Dr. Jian-Hong Zhu (X: @jz84_zhu) is a full professor and head of the Center for Research at Wenzhou Medical University’s School of Public Health, and Drs. Jian-Yong Wang, an associate chief physician, and Xiong Zhang, a chief physician and professor, work in the Department of Neurology in the Second Affiliated Hospital and Yuying Children’s Hospital of Wenzhou Medical University. Their team is committed to advancing the understanding of Parkinson’s disease, with a particular focus on developing diagnostic tools for its early detection.

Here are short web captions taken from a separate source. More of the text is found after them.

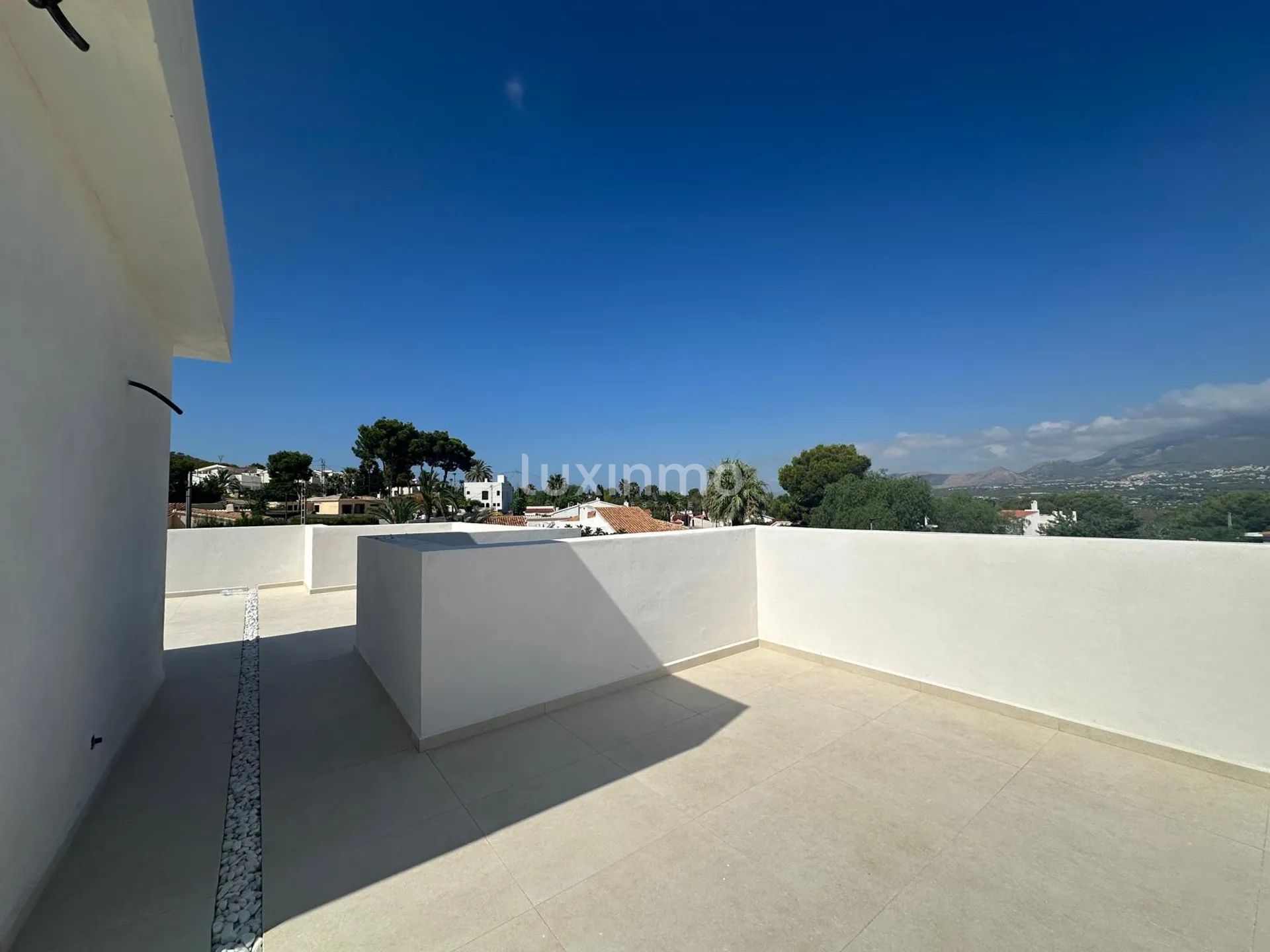 Vackert hus med pool till salu i Albir — photo 12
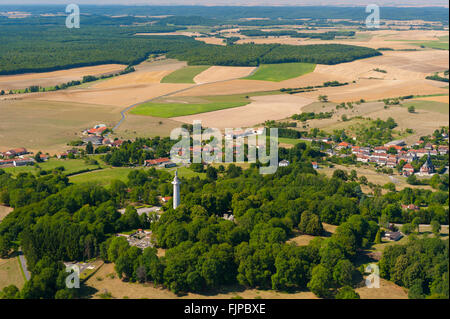 Meuse (55), village de Montfaucon d'Argonne et Butte de Montfaucon (vue aerienne) // France, Meuse (55), Montfaucon d'Argonne v Banque D'Images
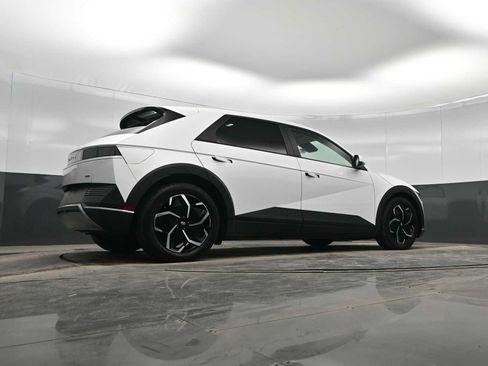 Used 2022 Hyundai Ioniq 5 SE w/ Cargo Package image 36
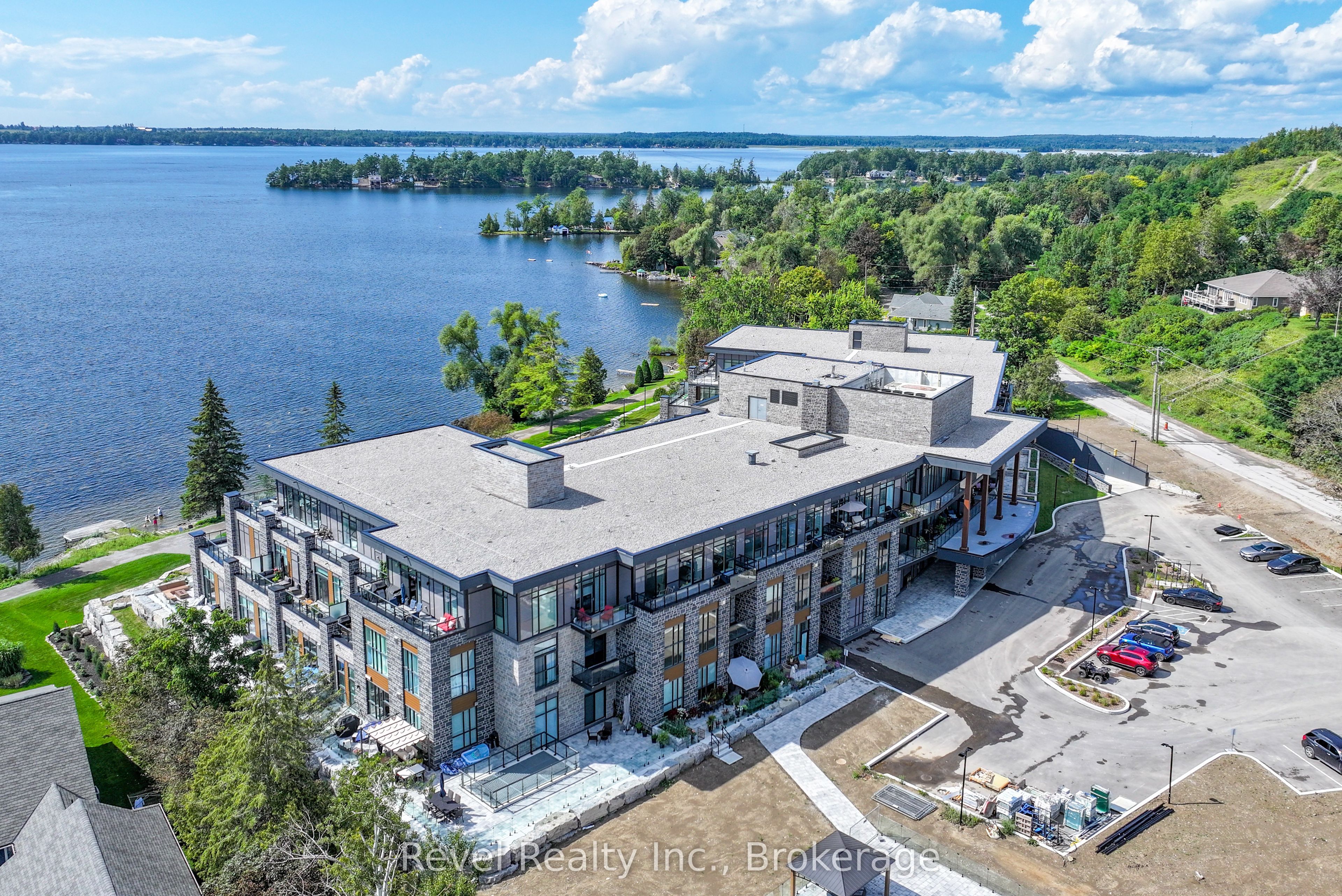 99 Louisa Street 221, Kawartha Lakes, ON K0M 1N0 photo 5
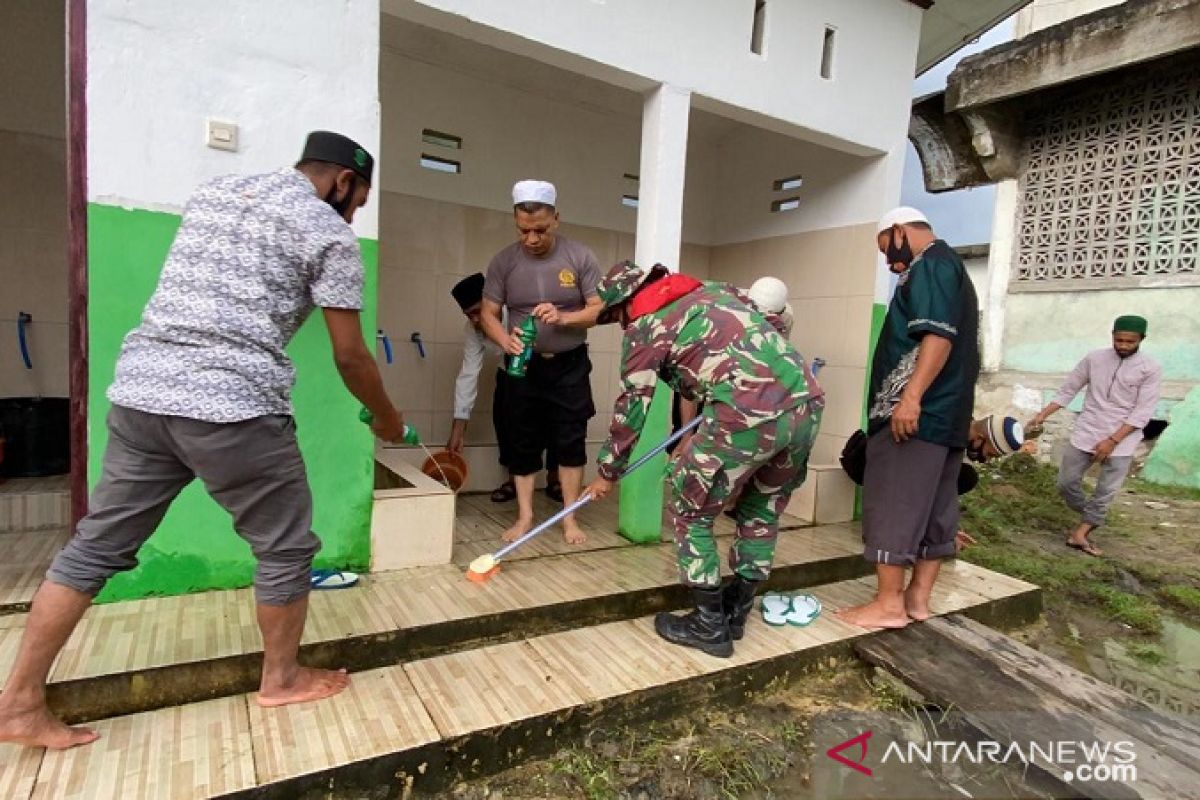 Kapolda Maluku pimpin kerja bakti di masjid Jami desa Liang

Imagine being able to detect Parkinson’s disease (PD) years before tremors, stiffness, or slowness become obvious. This is no small challenge: early PD is notoriously tricky to diagnose. Symptoms can be subtle, mimic other conditions, or be dismissed as “just getting older.” Misdiagnosis and delayed diagnosis are common, which means opportunities for timely treatment and better patient outcomes are often missed. Our team set out to see if a single blood sample could provide the clues we need — not by looking at genes themselves, but at their epigenetic “decorations”, specifically a chemical mark called 5-hydroxymethylcytosine (5hmC). Think of 5hmC as tiny “sticky notes” on your DNA — little markers telling the cell which instructions to read and which to skip, without changing the genetic code itself.
Why 5hmC?
Epigenetics has had its share of hype over the last decade, but its transition from a research curiosity to a clinical tool has been slow. Still, there is good reason to believe it could revolutionize the approach to neurological diseases like PD. Patterns of 5hmC are known to change in response to disease, and if these patterns are detectable in the blood, they could serve as biomarkers — easy-to-measure signatures of disease presence and stage. To find them, we used a high-precision mapping technique called APOBEC-coupled epigenetic sequencing (ACE-seq). Simply put, this allows us to measure 5hmC changes with exquisite detail, down to individual DNA letters.
Two phases, one goal
We took a two-phase approach: 1) Discovery Phase: we recruited five newly diagnosed, PD patients with drug-naivety and their spouses as controls (using spouses helped minimise lifestyle-related differences). We analysed their entire blood hydroxymethylome — the complete set of 5hmC marks across the genome — at single-base resolution. From this deep dive, we identified differentially hydroxymethylated regions (DhmRs) — stretches of DNA where PD patients consistently showed different 5hmC patterns from controls. 2) Validation Phase: we then tested these candidate regions in a larger group of 78 PD patients, including 47 with early PD, and 82 control subjects. This time, we zeroed in on specific differentially hydroxymethylated cytosines (DhmCs) within those regions — a more fine-grained approach.
The numbers that matter
While DhmRs provided only modest diagnostic accuracy, DhmCs led to a striking improvement, particularly for the detection of early PD (Hoehn & Yahr stage ≤2). The refined nine-site DhmC panel (plus age) achieved an Area Under the Curve (AUC) of 0.923 in both training and validation datasets. For context, an AUC of 1 means perfect accuracy, and anything above 0.9 is considered excellent. Sensitivity, specificity, and precision were all above 80%. The panel could even differentiate early from late PD and was moderately correlated with standard clinical measures like the Movement Disorder Society-Unified Parkinson’s Disease Rating Scale (MDS-UPDRS), meaning that the test doesn’t just “spot differences”: it captures meaningful aspects of disease severity.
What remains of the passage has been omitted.